If \[y = \cos^{- 1} \left( 2x \right) + 2 \cos^{- 1} \sqrt{1 - 4 x^2}, - \frac{1}{2} < x < 0, \text{ find } \frac{dy}{dx} \] ?

Answer 1

\[\text{ Here }, y =  \cos^{- 1} \left( 2x \right) + 2   \cos^{- 1} \sqrt{1 - 4 x^2}\]

\[\text{ Put }2x = \cos\theta\]

\[ \therefore y =  \cos^{- 1} \left( \cos  \theta \right) + 2   \cos^{- 1} \sqrt{1 - \cos^2 \theta}\]

\[ \Rightarrow y =  \cos^{- 1} \left( \cos  \theta \right) + 2   \cos^{- 1} \left( \sin\theta \right)\]

\[ \Rightarrow y =  \cos^{- 1} \left( \cos  \theta \right) + 2   \cos^{- 1} \left[ \cos\left( \frac{\pi}{2} - \theta \right) \right] ........\left( 1 \right)\]

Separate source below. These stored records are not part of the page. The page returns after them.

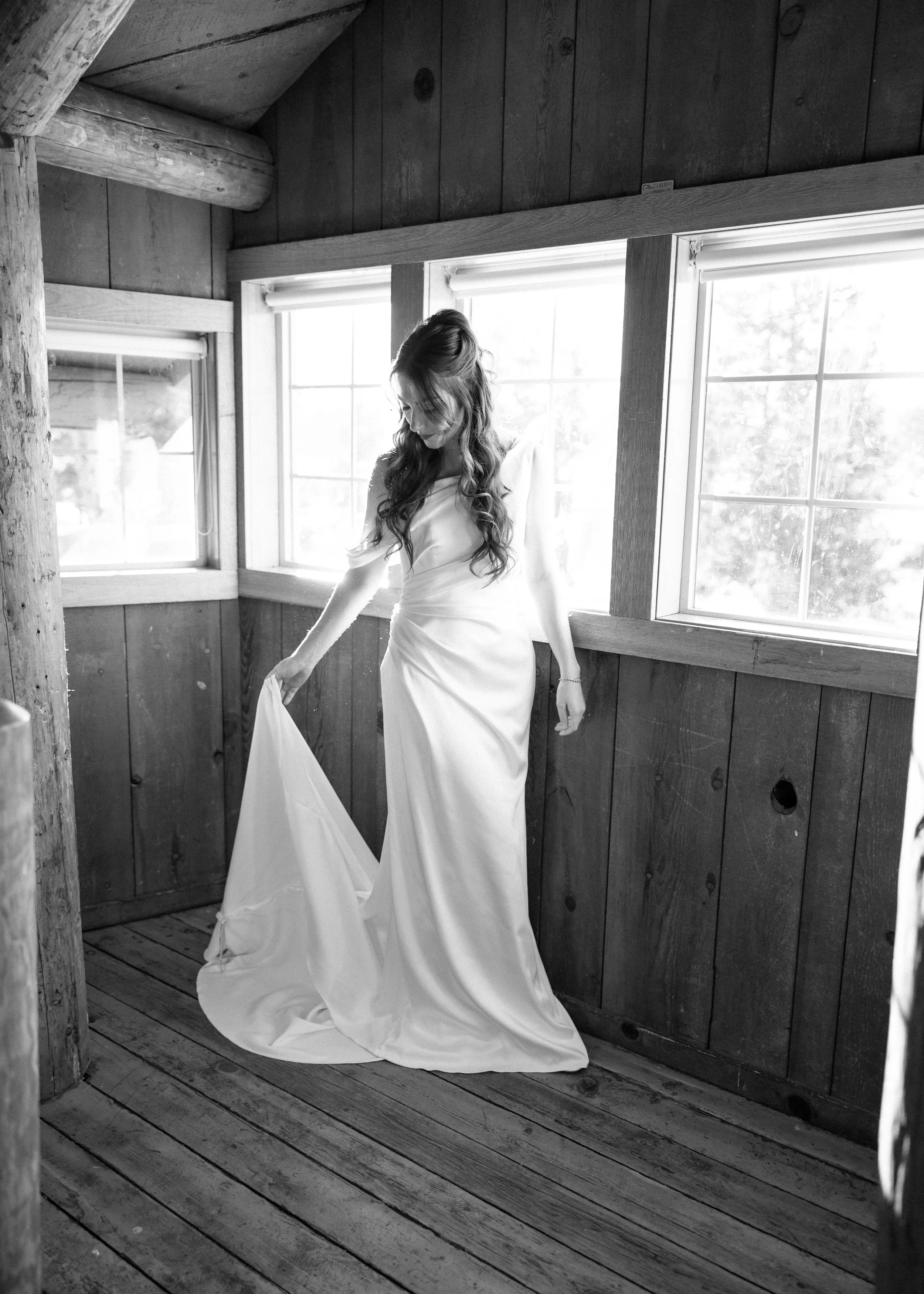 bride lifting train of her wedding dress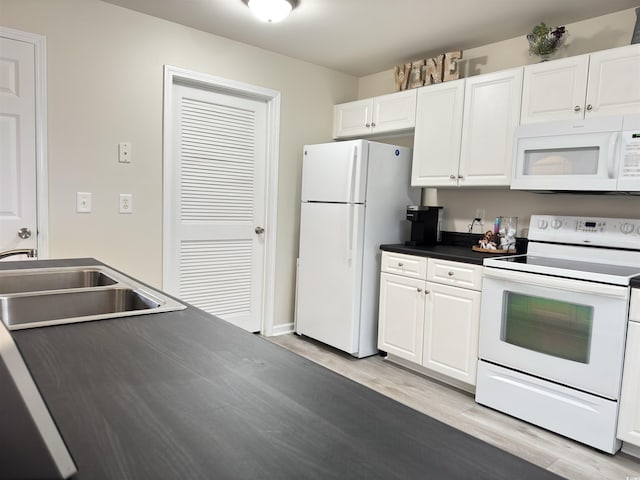 kitchen with white appliances, a sink, white cabinetry, light wood finished floors, and dark countertops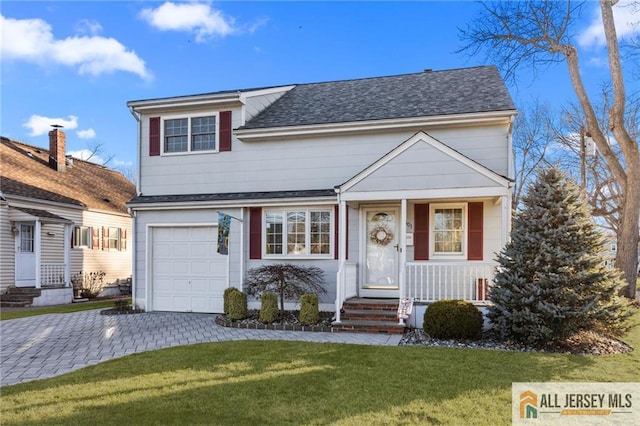 view of front of property featuring a front yard, roof with shingles, covered porch, decorative driveway, and an attached garage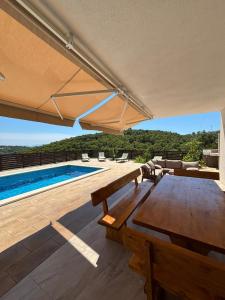 eine Terrasse mit Tisch und Swimmingpool in der Unterkunft Villa Prezzi in Novo Selo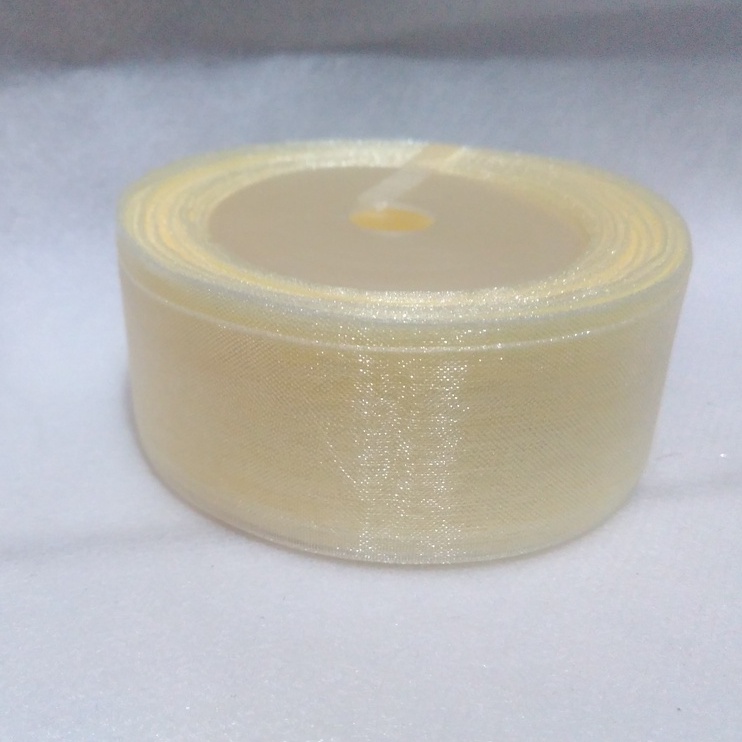 

Pita Organdi Biasa Cream Ukuran 1 inch/2,5 Per Roll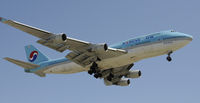 HL7489 @ KLAX - Landing 24R at LAX - by Todd Royer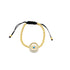 A delicate gold bead bracelet features a sparkling evil eye charm and adjustable black cord ties against a clean white background.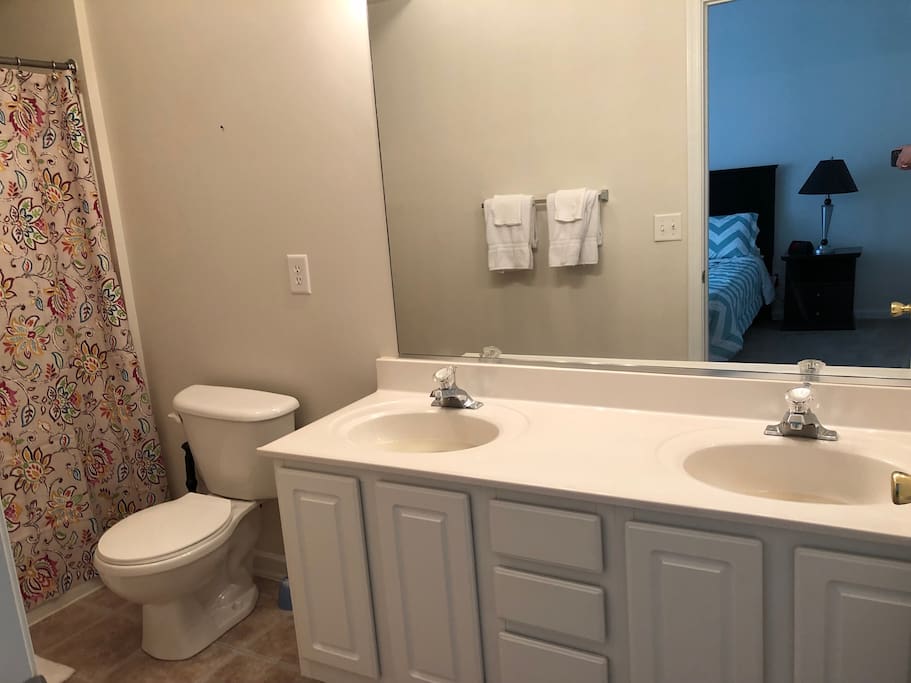 full bath with two sinks
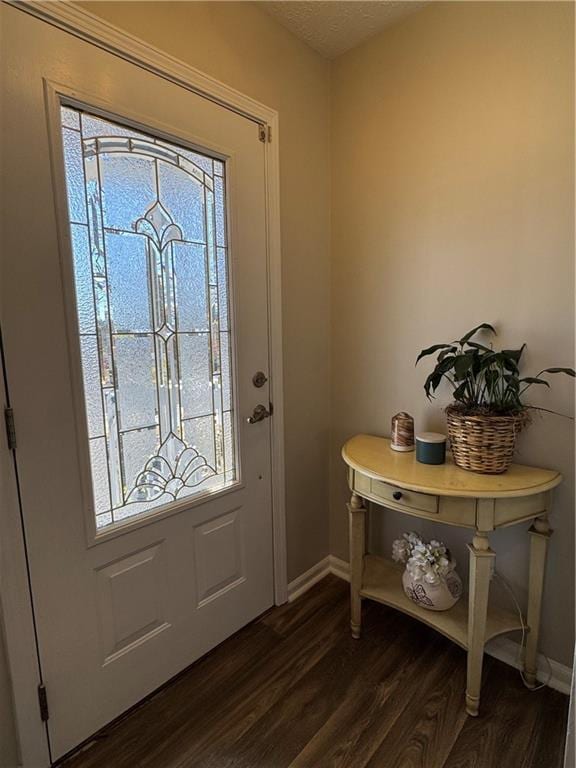 entryway featuring dark wood-style floors, a textured ceiling, and baseboards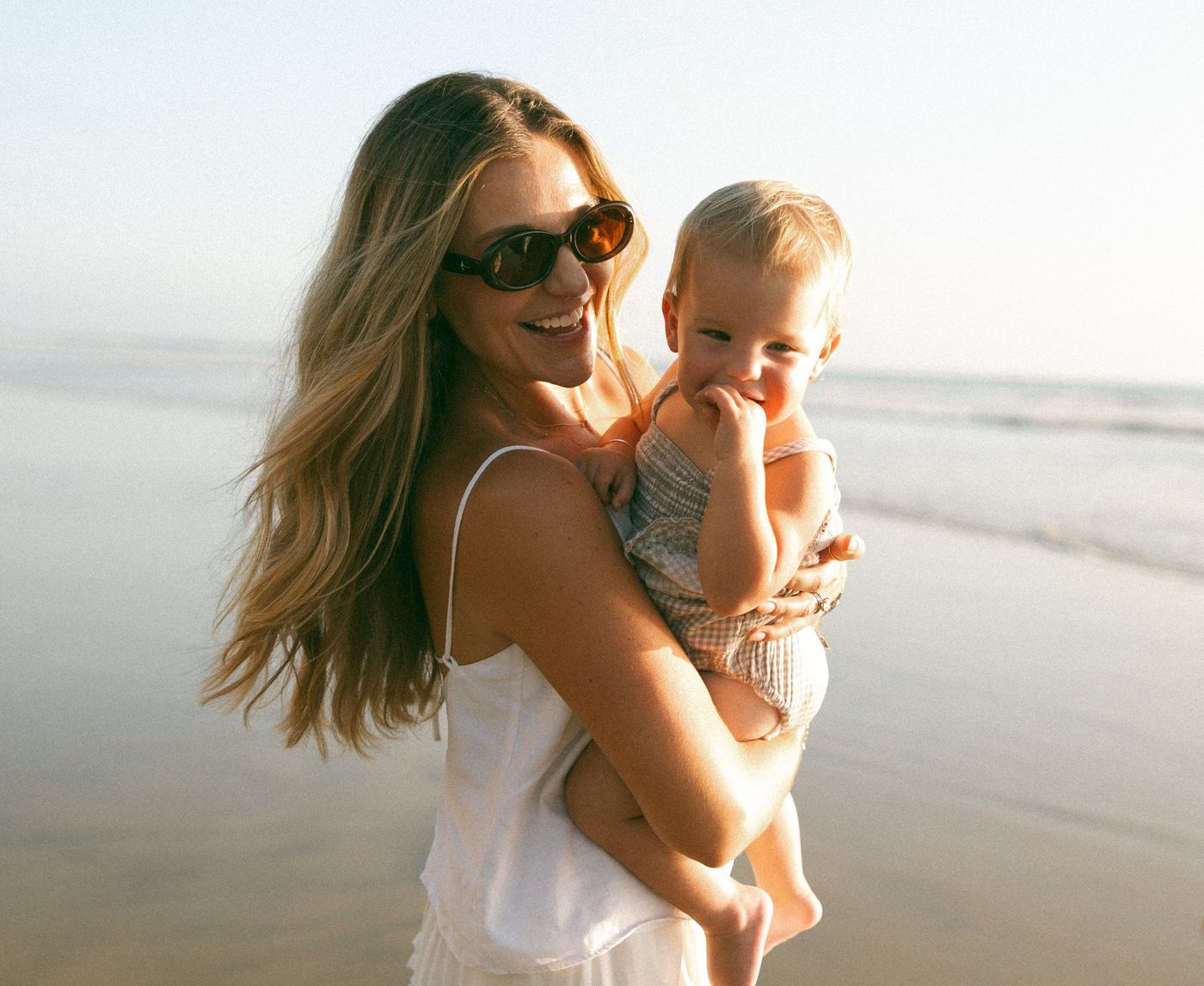Alexa smiling with her toddler on the beach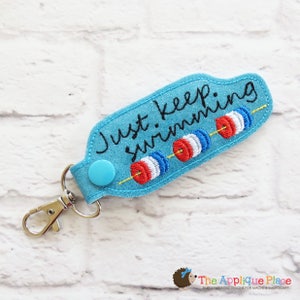 May include: A turquoise keychain with the phrase "Just keep swimming" embroidered in black. The keychain features three red, white, and blue swimming lane markers. It has a silver clasp and a blue button.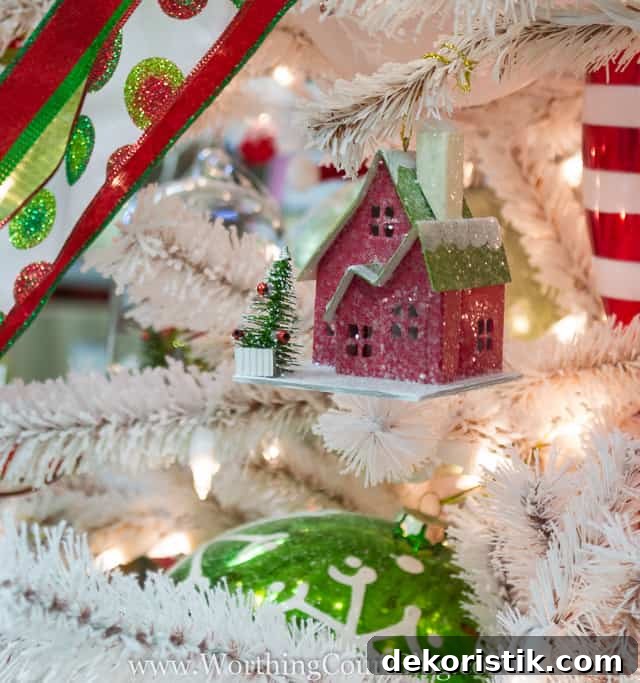 An adorable little house tucked into a Christmas tree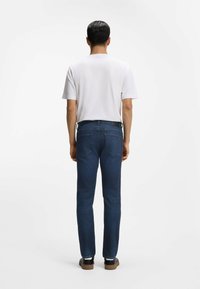 Miesten tummansiniset suoralahkeiset farkut yhdistettynä valkoiseen lyhythihaiseen t-paitaan ja mustiin kenkiin, kuvattu takaa.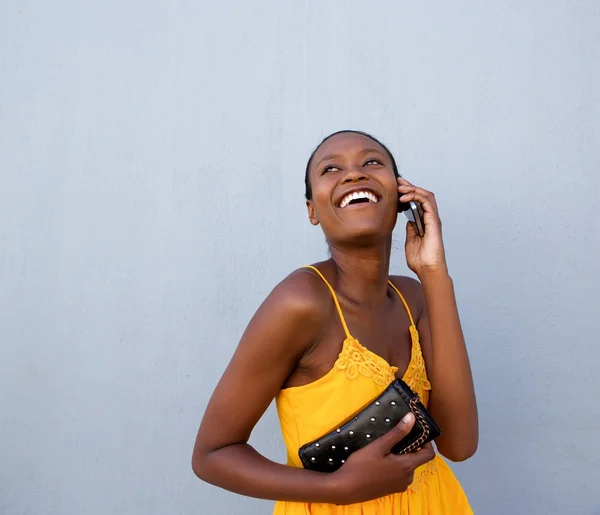 Young african lady talking on cellphone
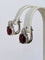 Boucles d'oreilles Boucles d'oreilles puces exquises en or blanc, serties d'un rubis rouge de 4,32 carats et de diamants 58 Facettes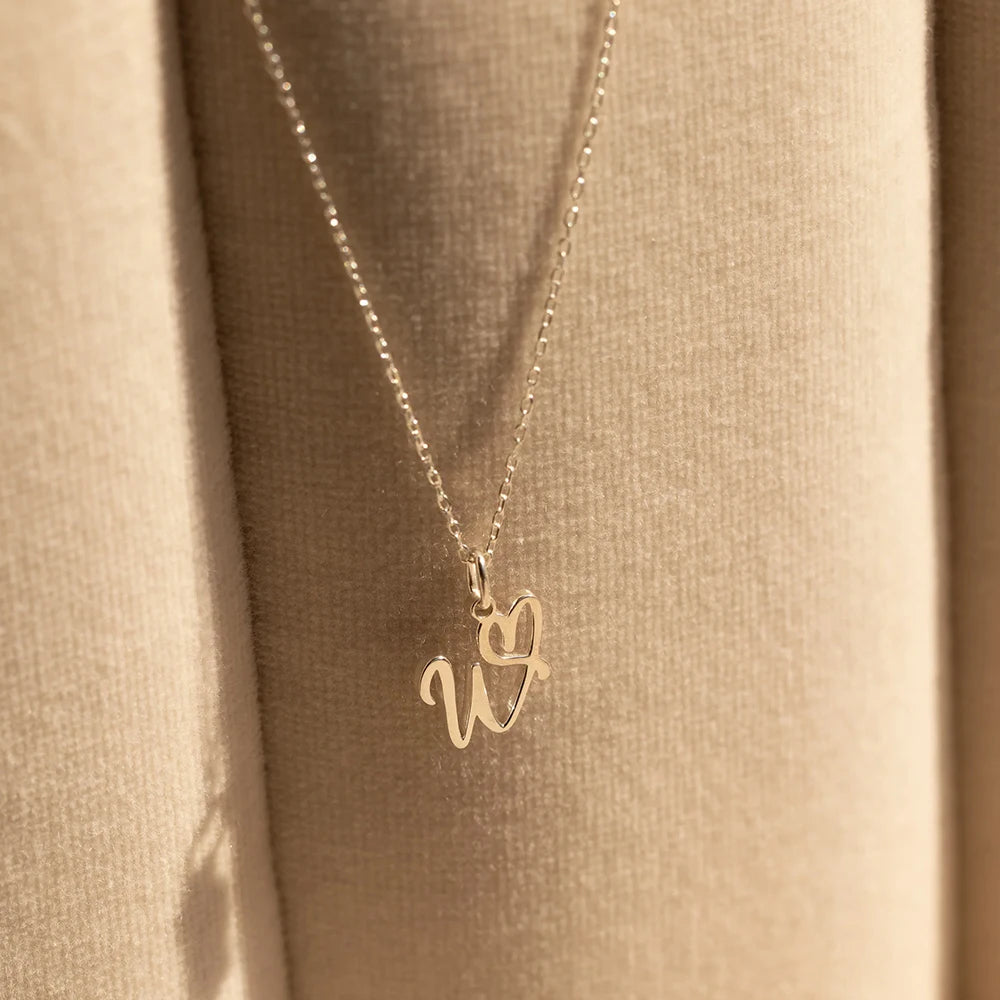 Collier femme  avec pendentif lettre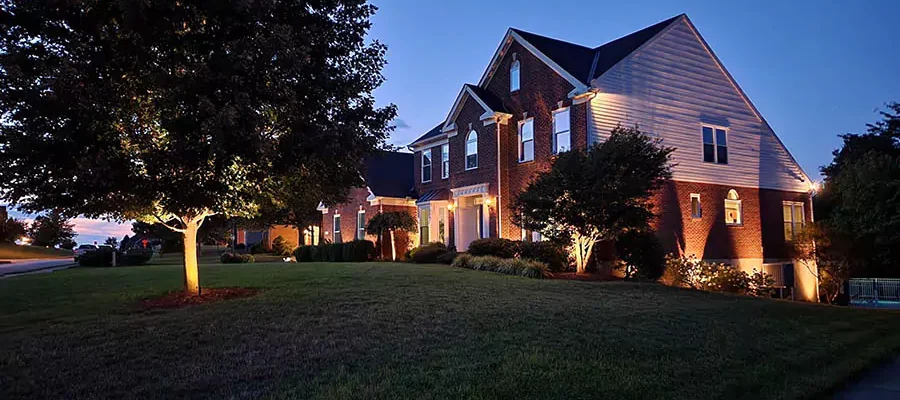 In Front of a Independence house, outdoor landscape lighting installed by Expert Irrigation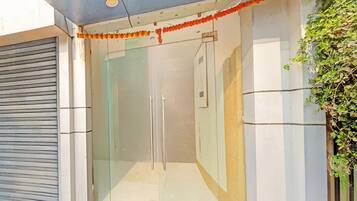 A modern building entrance with a glass door, a metal shutter to the left, and a decorative garland above the door.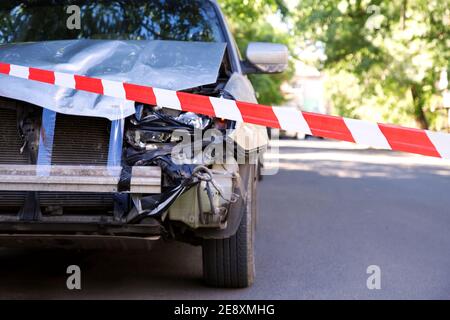 Voiture détruite dans un accident de la circulation sur la route de la ville avec ruban rouge d'avertissement de police. Pare-feu avant automatique cassé, capot bosselé sans pare-chocs Banque D'Images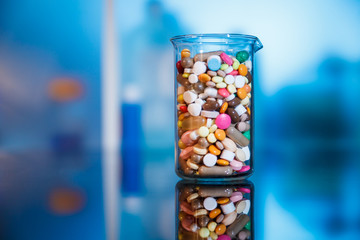 Tablets and capsules in a glass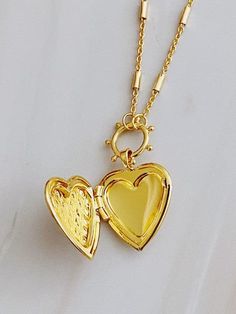 Add a touch of edge to your style with the Patterned Heart Open Locket Necklace. The intricate design pairs perfectly with the delicate heart locket, creating a one-of-a-kind accessory. Ideal for any occasion, the dainty chain adds a subtle touch. Color: Gold Made of: 18k gold plated brass, Lead and nickel-free Brand: Ellison and Young Includes: x1 Necklace Length: Approximately 16" with a 2" extender Elegant Heart Locket Charm Necklace, Elegant Heart Shaped Locket Charm Necklace, Elegant Heart-shaped Locket Charm Necklace, Elegant Heart Locket Necklace With Adjustable Chain, Elegant Charms Locket Necklace For Mother's Day, Elegant Heart Pendant Locket Necklace With Adjustable Chain, Elegant Medallion Locket Necklace For Mother's Day, Elegant Heart Charm Locket Necklace, Elegant Double Heart Charms Necklace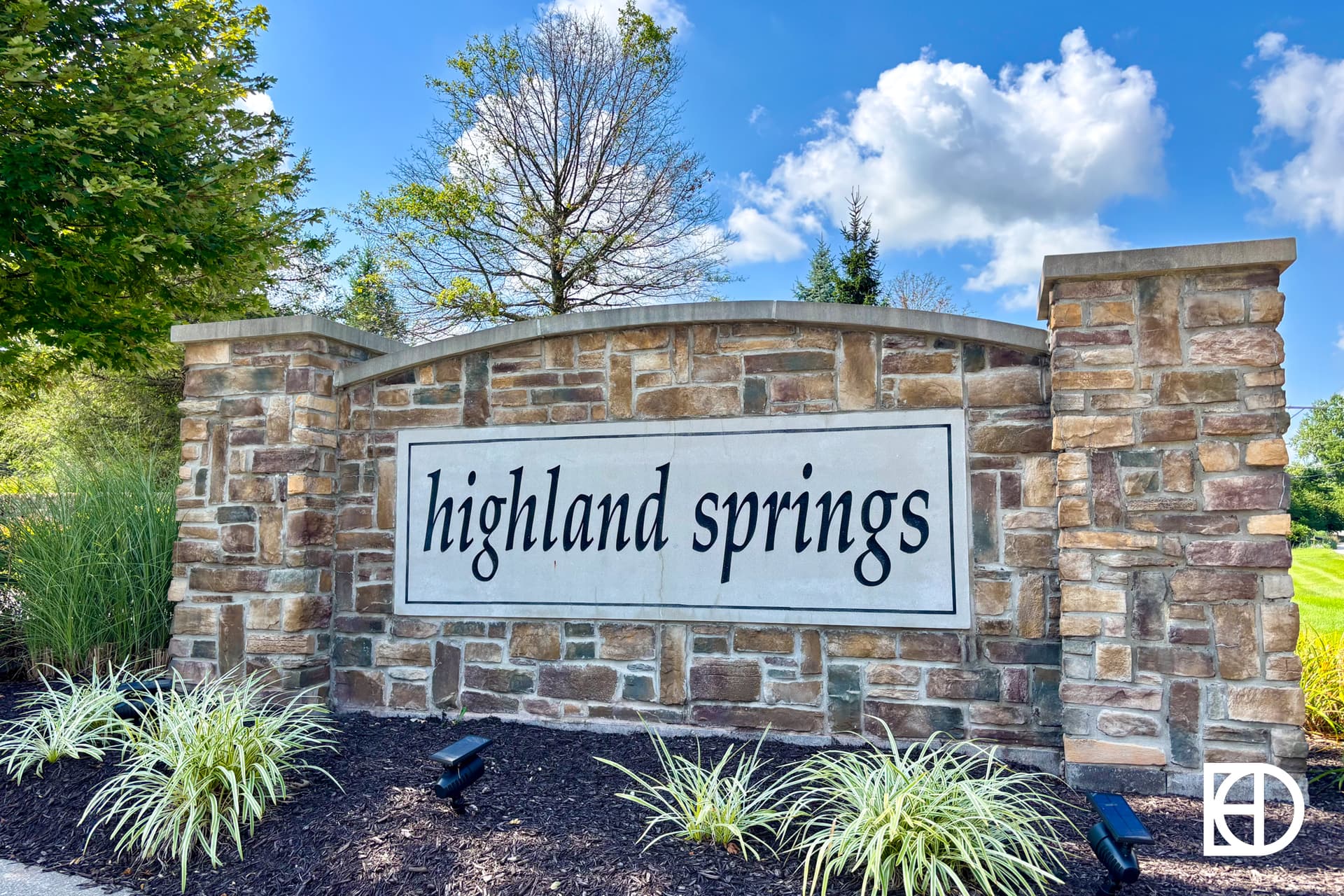 A stone entrance sign with the words highland springs stands in landscaped greenery under a sunny, partly cloudy sky.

\[\text{Now, }-\frac{1}{2} < x < 0\]

\[ \Rightarrow - 1 < 2x < 0\]

\[ \Rightarrow - 1 < \cos\theta < 0\]

\[ \Rightarrow \frac{\pi}{2} < \theta < \pi\]

And

\[ \Rightarrow - \frac{\pi}{2} >  - \theta >  - \pi\]

\[ \Rightarrow \left( \frac{\pi}{2} - \frac{\pi}{2} \right) > \left( \frac{\pi}{2} - \theta \right) > \left( \frac{\pi}{2} - \pi \right)\]

\[ \Rightarrow 0 > \left( \frac{\pi}{2} - \theta \right) >  - \frac{\pi}{2}\] 

\[ \Rightarrow - \frac{\pi}{2} < \left( \frac{\pi}{2} - \theta \right) < 0\] 

\[\text{ So,   from  equation }  \left( 1 \right), \] 

\[y = \theta + 2\left[ - \left( \frac{\pi}{2} - \theta \right) \right]...........[\text{ Since }, \cos^{- 1} \cos\left( \theta \right) = \theta,\text{ if } \theta \in \left[ 0, \pi \right],  \cos^{- 1} \cos\left( \theta \right) = - \theta, \text{ if } \theta \in \left[ - \pi, 0 \right]]\] 

\[y = \theta - 2 \times \frac{\pi}{2} + 2\theta\] 

\[y =  - \pi + 3\theta\] 

\[y =  - \pi + 3 \cos^{- 1} \left( 2x \right)..........\left[ \text{ Since }, 2x = cos\theta \right]\]

Differentiate it with respect to x using chain rule,

\[\frac{d y}{d x} = 0 + 3\left( \frac{- 1}{\sqrt{1 - \left( 2x \right)^2}} \right)\frac{d}{dx}\left( 2x \right)\]

\[ \Rightarrow \frac{d y}{d x} = \frac{- 3}{\sqrt{1 - 4 x^2}} \times 2\]

\[ \therefore \frac{d y}{d x} = - \frac{6}{\sqrt{1 - 4 x^2}}\]